🤖 AI Summary
Prior LLM evaluations largely ignore user heterogeneity, assuming uniform preferences across individuals. This study investigates whether personality traits systematically influence users’ preferences for large language models (LLMs) in multi-turn human-AI collaboration.
Method: Grounded in the Keirsey Temperament Sorter, we conducted multi-round interactive experiments across four task domains—data analysis, creative writing, information retrieval, and writing assistance—comparing GPT-4 and Claude 3.5. Preferences were quantified via helpfulness ratings and enriched with qualitative feedback analyzed through sentiment-aware thematic coding.

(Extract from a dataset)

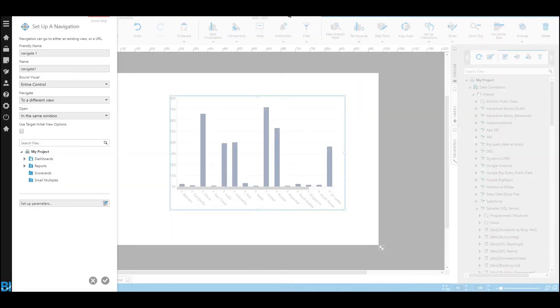And that's all it takes. This functionality is built right into Dundas BI, and it really is simple to implement.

Contribution/Results: Although overall helpfulness scores showed no statistically significant difference between models, personality type strongly predicted preference: Rational temperament users significantly favored GPT-4, whereas Idealist users preferred Claude 3.5. This is the first empirical demonstration of stable, temperament-based LLM preference patterns. The findings challenge the “one-size-fits-all” evaluation paradigm and establish a user-centered, human factors–informed foundation for personalized LLM adaptation and psychometrically grounded evaluation frameworks.
📝 Abstract
As Large Language Models (LLMs) increasingly integrate into everyday workflows, where users shape outcomes through multi-turn collaboration, a critical question emerges: do users with different personality traits systematically prefer certain LLMs over others? We conducted a study with 32 participants evenly distributed across four Keirsey personality types, evaluating their interactions with GPT-4 and Claude 3.5 across four collaborative tasks: data analysis, creative writing, information retrieval, and writing assistance. Results revealed significant personality-driven preferences: Rationals strongly preferred GPT-4, particularly for goal-oriented tasks, while idealists favored Claude 3.5, especially for creative and analytical tasks. Other personality types showed task-dependent preferences. Sentiment analysis of qualitative feedback confirmed these patterns. Notably, aggregate helpfulness ratings were similar across models, showing how personality-based analysis reveals LLM differences that traditional evaluations miss.